Wall joined ESPN's The Undefeated for an interview on Instagram Live on Wednesday and explained how the postponement of the 2020 Summer Olympics to 2021 has him hoping he can crack the Team USA roster.

Wall has participated in camps for Team USA, but has never represented them on the Olympic stage. In fact, the Wizards/Bullets franchise has never had an active player on the Olympic roster.

"Definitely," Wall told Marc Spears when asked if he was interested.

"When you put that Red, White and Blue on, you're representing your country. It doesn't matter if 'Wall' is on the back or whatever name is on the back, I want to represent my country. I know how much this country means to me and I would definitely love to have an opportunity to play for it."


Wall went on to say those in charge already know he wants to play for Team USA. He said he feels like this is a rare and unique opportunity for him to be involved.

And he thinks he can help the team win it all in Tokyo.

"I feel like I'm the perfect player that can match [the type] of point guard they need.
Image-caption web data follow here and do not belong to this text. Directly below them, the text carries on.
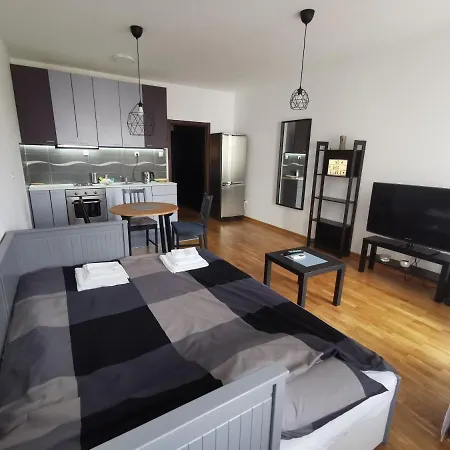 Charlie Aviv Park Apartment *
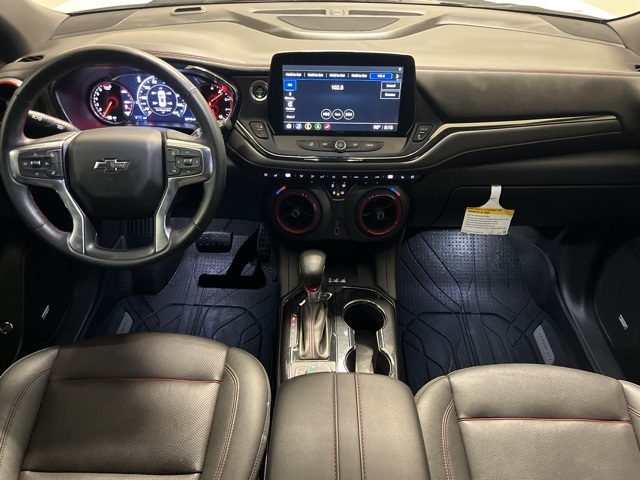 2024 Chevrolet Blazer RS photo 2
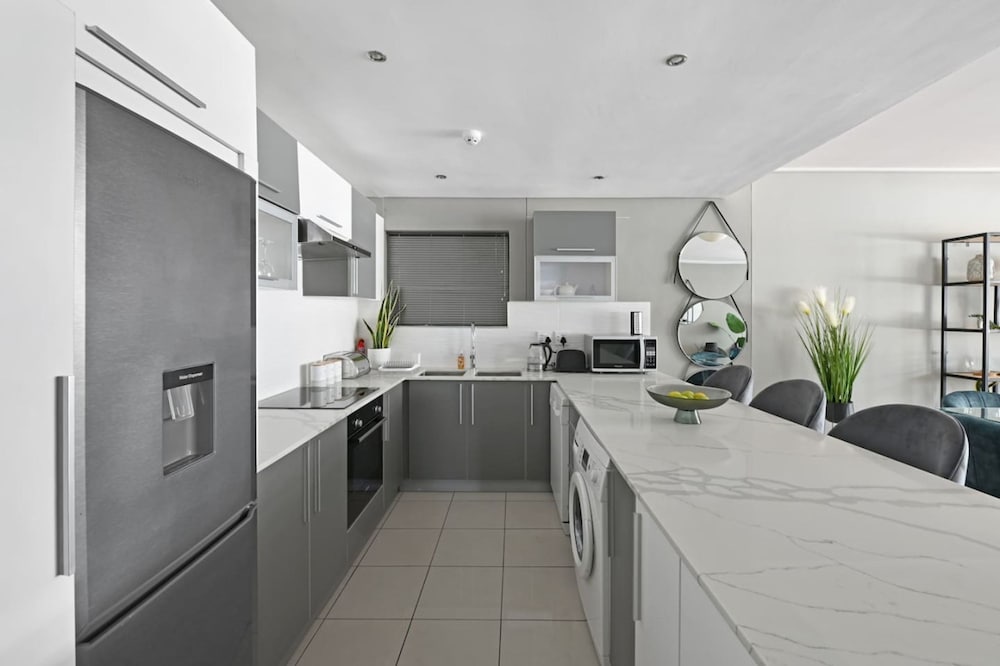 Modern 3-bed Apt Designer Touch Mountain Views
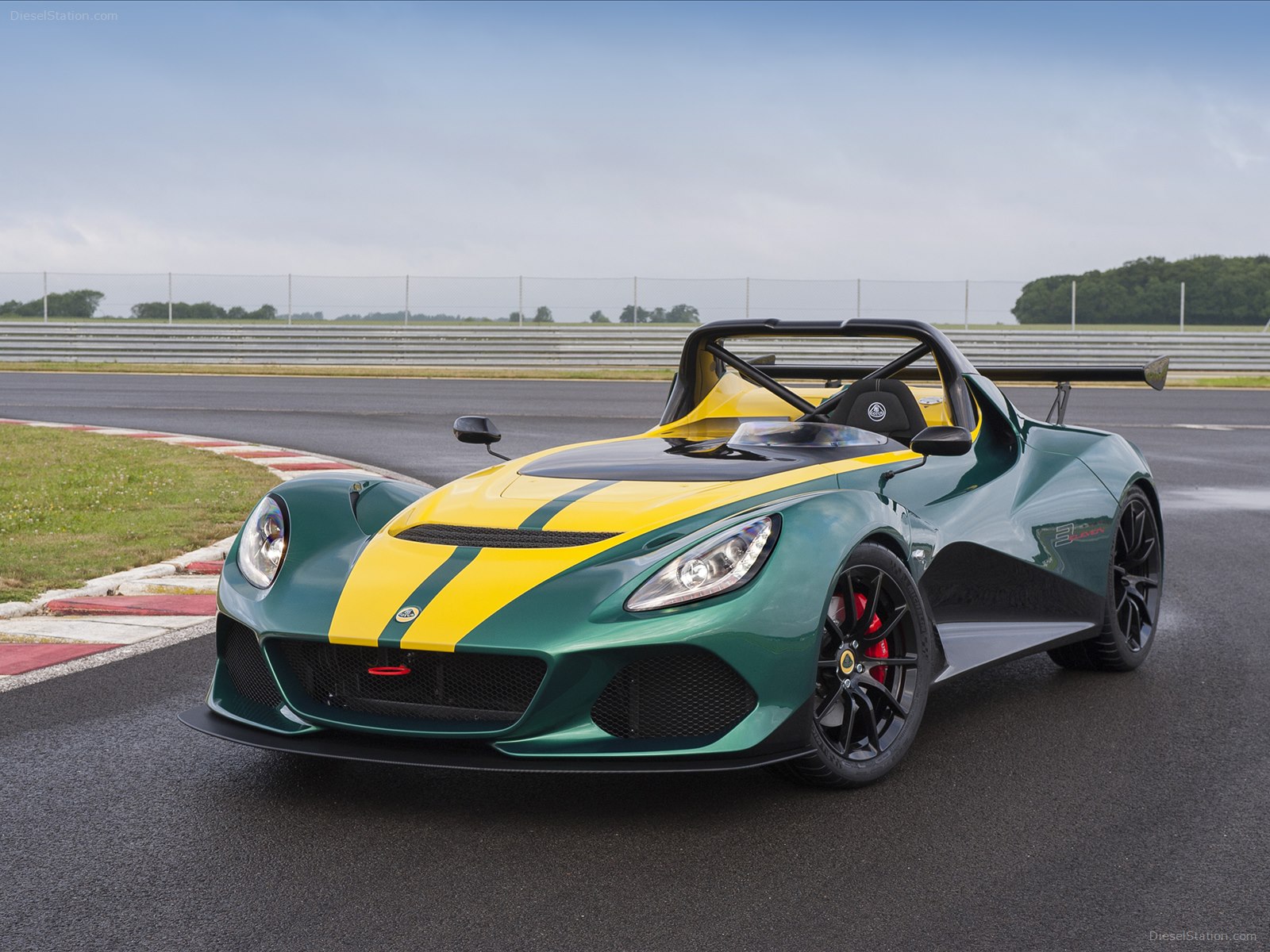 Lotus 3 Eleven 2016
Someone who defends, runs the team; I'm not looking to score or shoot all the time. I just want to get guys involved. There's nothing better than being able to come back with a gold medal. That's something I would love to have on my resume," he said.
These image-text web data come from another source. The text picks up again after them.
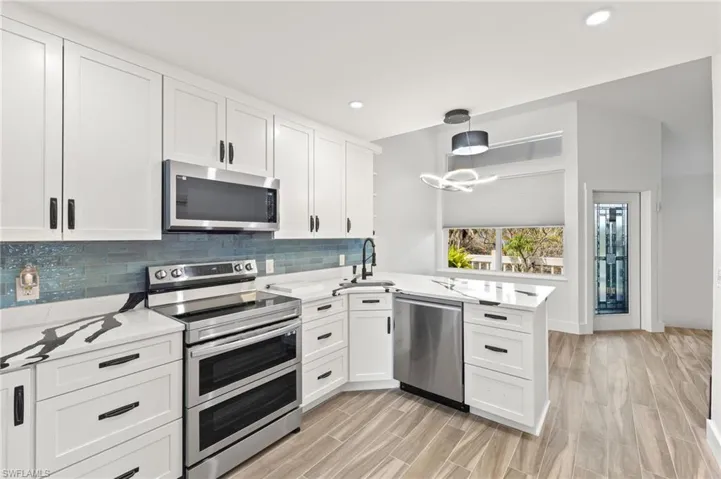 838-840 Rabbit Rd, Sanibel Fl 33957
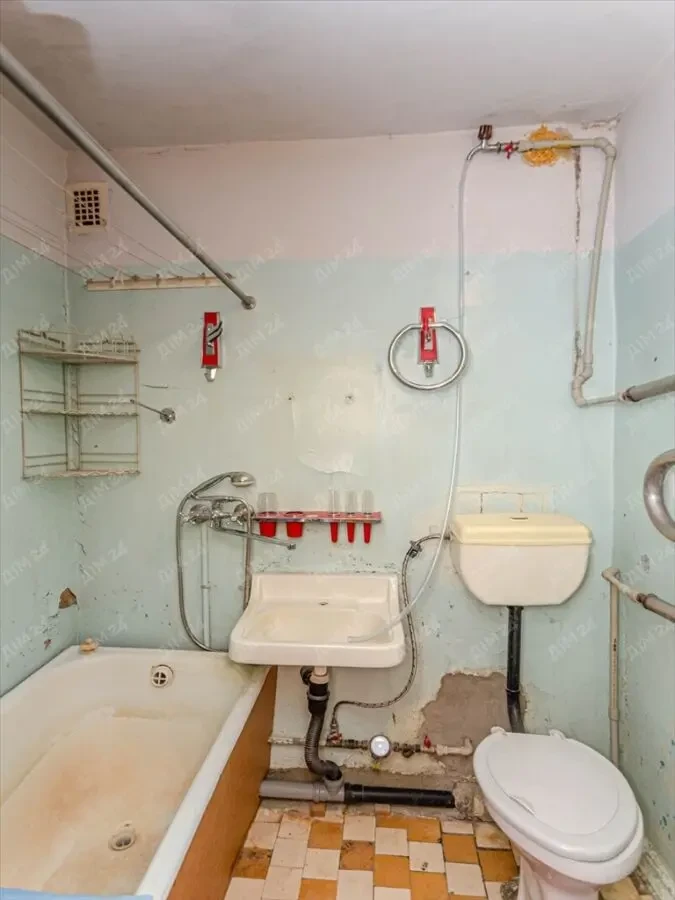 Однокімнатна квартира. Чудова локація - по кільцю 4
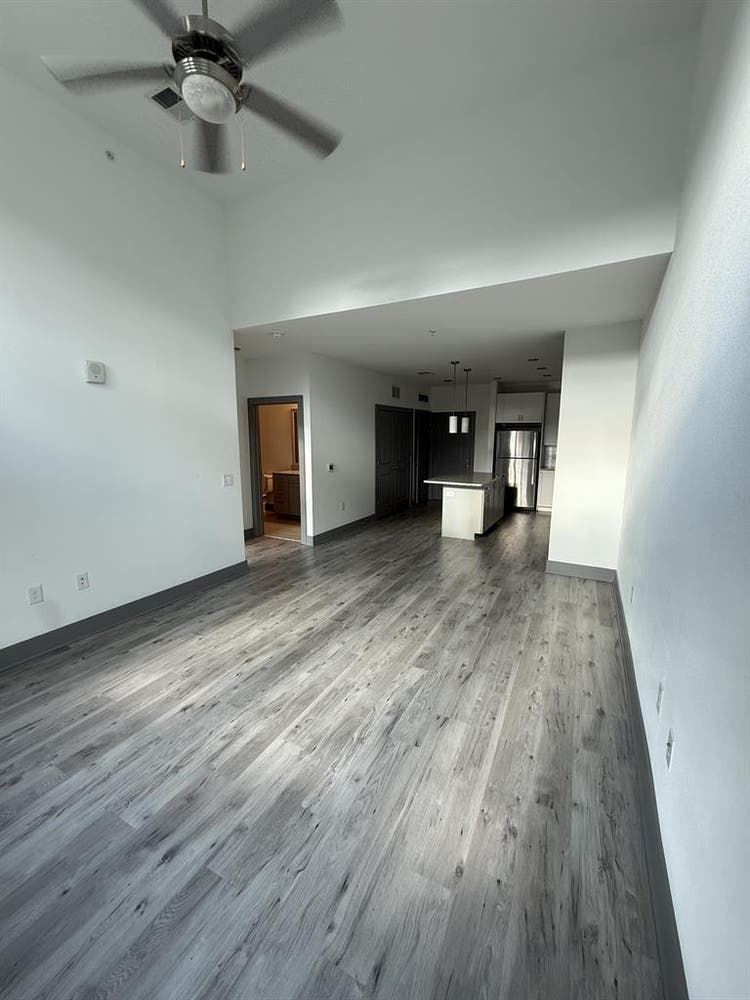 Luxury Modern 1-Bedroom Apartment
Winning a gold media would indeed go a long way for Wall. He is a five-time All-Star with some impressive numbers, but injuries have altered the trajectory of his NBA career.

Winning gold would help bolster his case for the Hall of Fame someday, as all basketball levels are taken into account. Wall's resume would include stardom in college, the NBA and then success at the highest level of international competition. 

Making the cut, however, is no small feat. There are many talented players, especially at the guard position, from the United States.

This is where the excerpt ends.